Subsection7.4.1Continuity

Recall our definition of continuity for a function at a single point.

Definition7.4.1Continuity at a Point

A function $f$ is continuous at $a$ if

\begin{equation*} \lim_{x \to a} f(x) = f(a). \end{equation*}

The single equation captures the full definition because for the equation to be true, the limit must exist and the value of the function must exist. Also, recall that the function is right-continuous if the limit comes from the right ($x \to a^+$) and left-continuous if the limit comes from the left ($x \to a^-$).

These ideas allow us to define what we mean by saying that a function is continuous on an interval.

Definition7.4.2Continuity on an Interval

A function $f$ is continuous on an interval $(a,b)$ if $f$ is continuous at every point $x \in (a,b)\text{.}$ We can include an endpoint if the limit statement is true coming from within the interval. That is, we include $a$ if

\begin{equation*} \lim_{x \to a^+}f(x)=f(a) \end{equation*}

and we include $b$ if

\begin{equation*} \lim_{x \to b^-}f(x)=f(b). \end{equation*}

There are two important theorems that describe what we know about functions that are continuous on an interval. The Extreme Value Theorem guarantees that any function that is continuous on a closed interval has a highest and lowest point within that interval. The Intermediate Value Theorem guarantees that a function that is continuous on a closed interval can not skip over any values between its values at the endpoints. The proofs for both of these theorems require advanced methods not taught at this level.
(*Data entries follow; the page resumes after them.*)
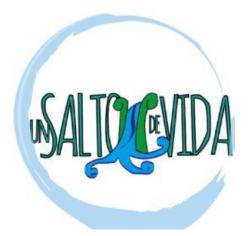 106051486_2497610683675611_6950311186551640292_n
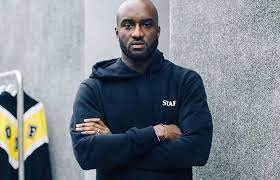 Virgil Abloh Net Worth 2021 Age Height Weight Wife Kids Biography Wiki The Wealth Record Santigold is an american singer, songwriter, and record producer who has a net worth of $6 million. the wealth record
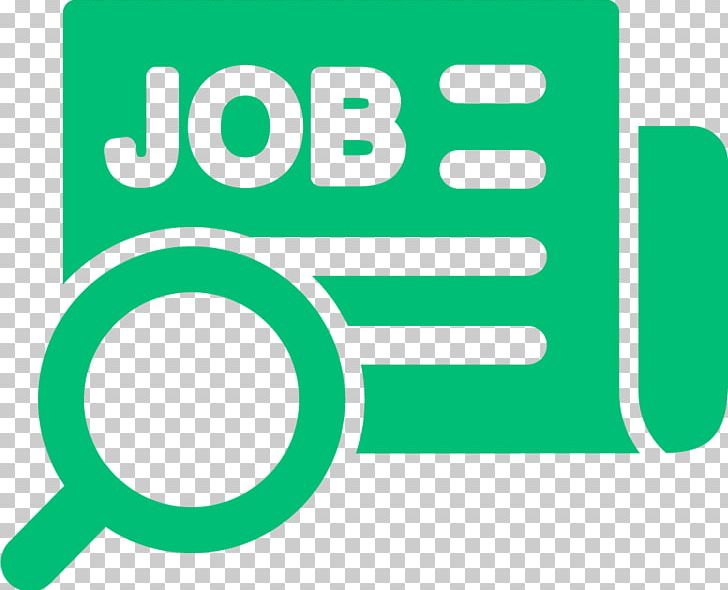Computer Icons Job Hunting PNG, Clipart,  Free PNG Download
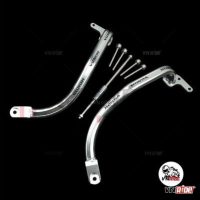 Chống đổ CB400 Vtec và Revo hàng cao cấp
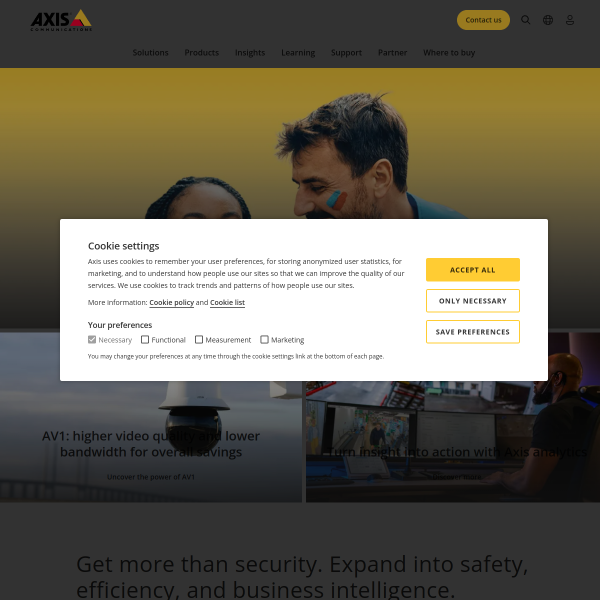 axiscom.co.jp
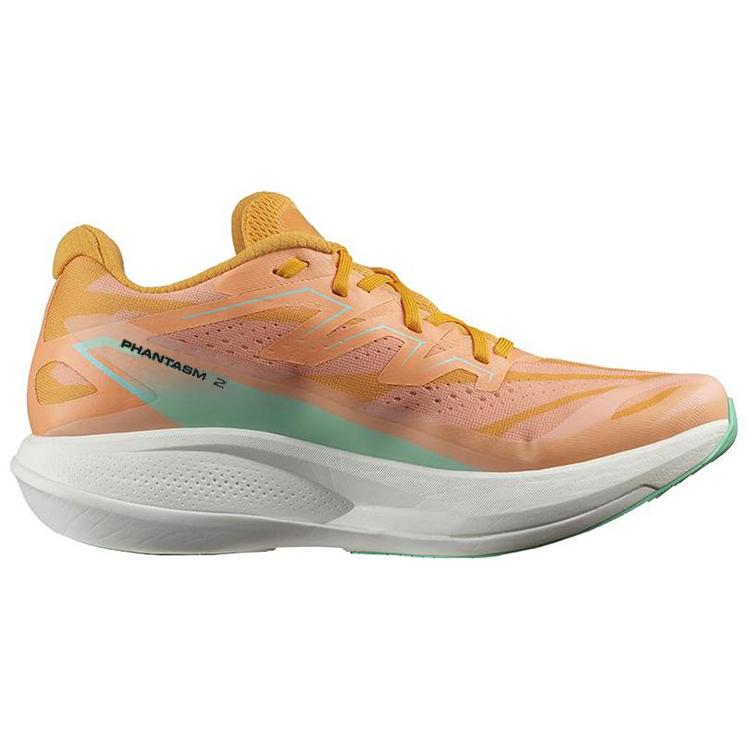 SALOMON Phantasm 2 'Cantaloupe' Women's 473833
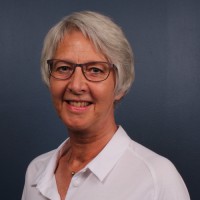 Ellen Kristensen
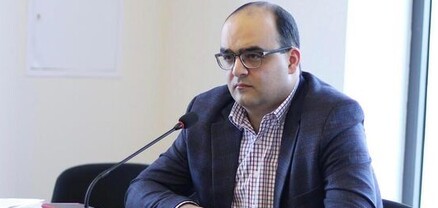Մեզ հորդորում են չօգտագործել «Արցախ» տեղանունը, որպեսզի Ադրբեջանում չօգտագործեն «Գյոյչան»․ քաղաքագետ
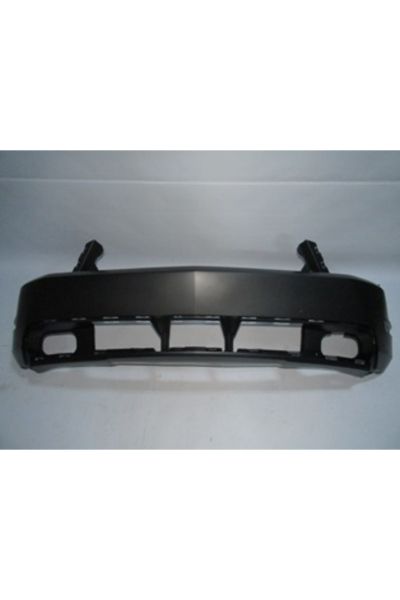 FORD MUSTANG- 10/11; ÖN TAMPON AR3Z-17D957-BA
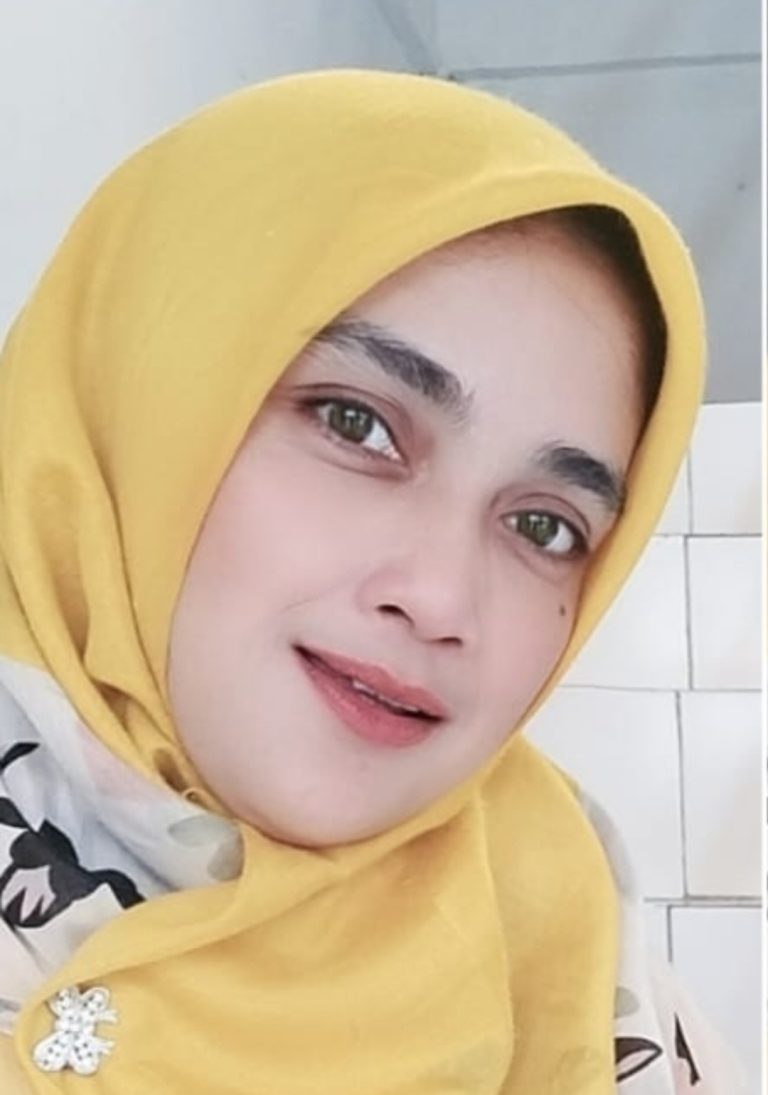 Dwi Wulan Terpilih sebagai Anggota BPD Pancakarya 2026–2034, Teguhkan Komitmen Mengemban Amanah dan Memperjuangkan Aspirasi Masyarakat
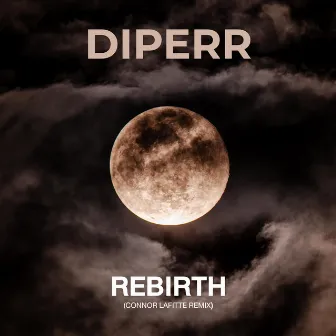 Rebirth by Diperr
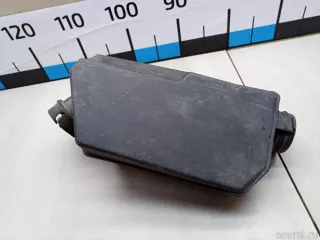 165854AA0A Nissan Резонатор воздушного фильтра Nissan Almera G15 Арт E60684424, вид 2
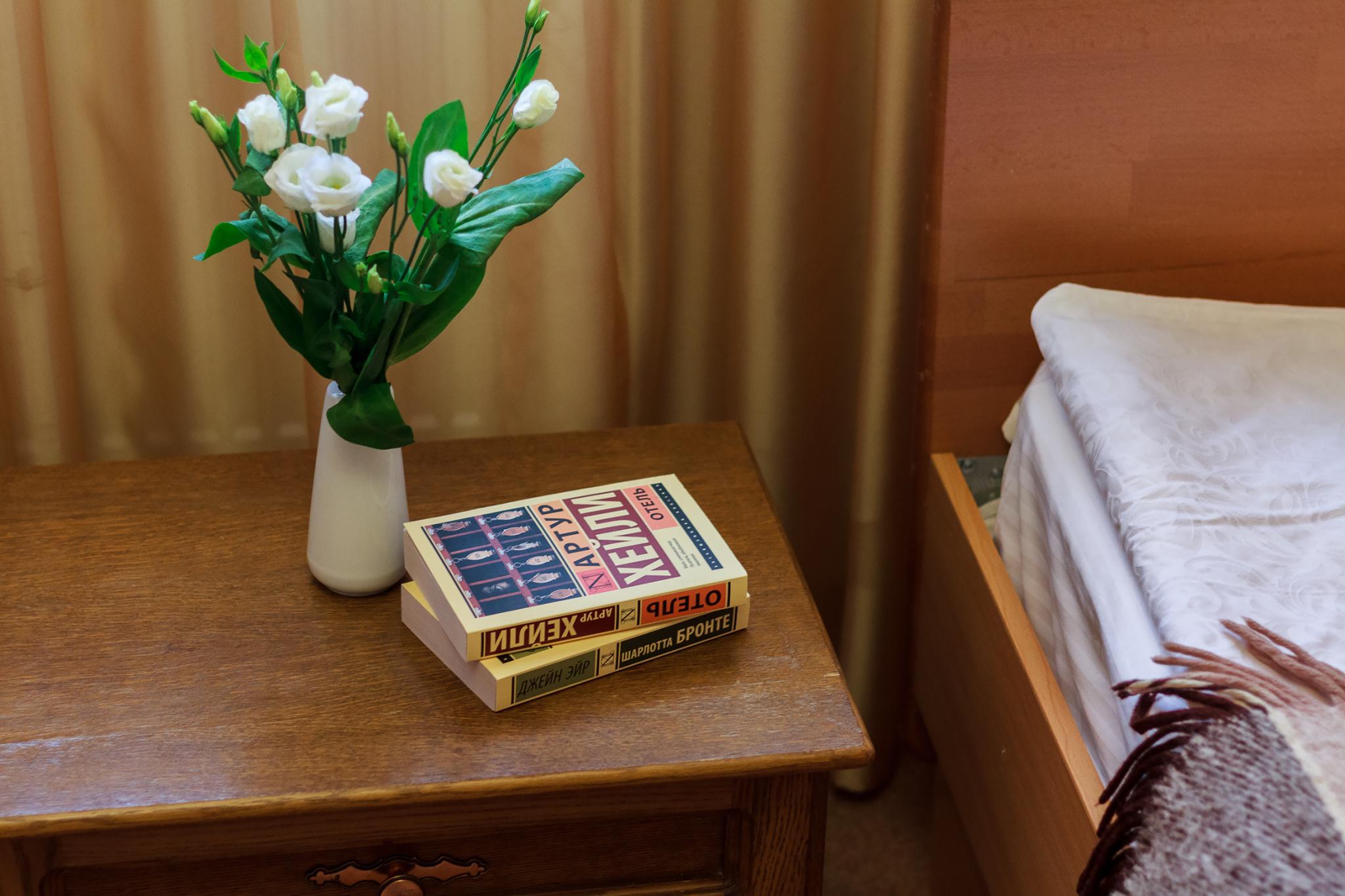 Фото Никоновка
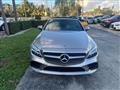 2022 Mercedes-Benz C-Class Image # 2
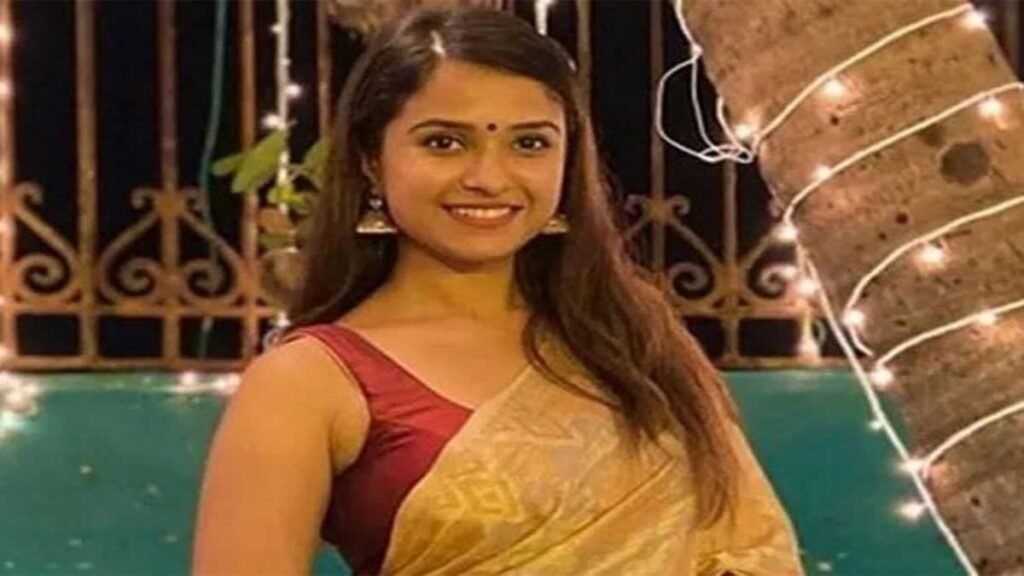 दिशा सालियान मौत मामले में बॉम्बे HC का बड़ा आदेश, होगी CBI जांच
We treat them essentially as axioms, statements that are true without proof.

If a function is not continuous on $[a,b]\text{,}$ then it does not necessarily have a maximum or minimum value. One way that this might happen is if $f$ has a vertical asymptote within the interval. In that case, the values of $f$ would be unbounded. Another way that this might happen is that $f$ is bounded by what would be a maximum (or minimum) value but just doesn't reach it because of a sudden jump.

Example7.4.4

Consider the function defined piecewise as

\begin{equation*} f(x) = \begin{cases} \frac{1}{x^2}, & x \ne 0, \\ 0, & x=0. \end{cases} \end{equation*}

This function has a non-removable discontinuity at $x=0\text{,}$ corresponding to a vertical asymptote. Because the formula has $x^2$ in the denominator (always positive), we have

\begin{equation*} \lim_{x \to 0} f(x) = +\infty. \end{equation*}

This function is unbounded on the interval $[-1,1]$ and has no maximum. It does have a minimum at $f(0)=0$ since that is below the rest of the graph.

Example7.4.5

Consider the function defined piecewise as

\begin{equation*} f(x) = \begin{cases} x^2, & -1 \lt x \lt 1, \\ \frac{1}{2}, & x = \pm 1. \end{cases} \end{equation*}

This function has a removable discontinuities at $x=\pm 1\text{,}$ where the limits are 1 but the values are $\frac{1}{2}\text{.}$ In this case, $f$ is continuous on $(-1,1)$ but not on $[-1,1]\text{.}$ The maximum value should have been $y=1\text{,}$ but the graph never reaches that value because of the discontinuity. The function does have a minimum value at $f(0)=0\text{.}$

Example7.4.6

Consider the function defined piecewise as

\begin{equation*} f(x) = \begin{cases} x^2, & -1 \lt x \le 1, \\ 2, & x = -1. \end{cases} \end{equation*}

This function has a removable discontinuity at $x=-1\text{.}$ In this case, $f$ is continuous on $(-1,1]$ but not on $[-1,1]\text{.}$ In spite of the discontinuity at $x=-1\text{,}$ this function has a maximum value $f(-1)=2$ because that value is above every other point in the interval.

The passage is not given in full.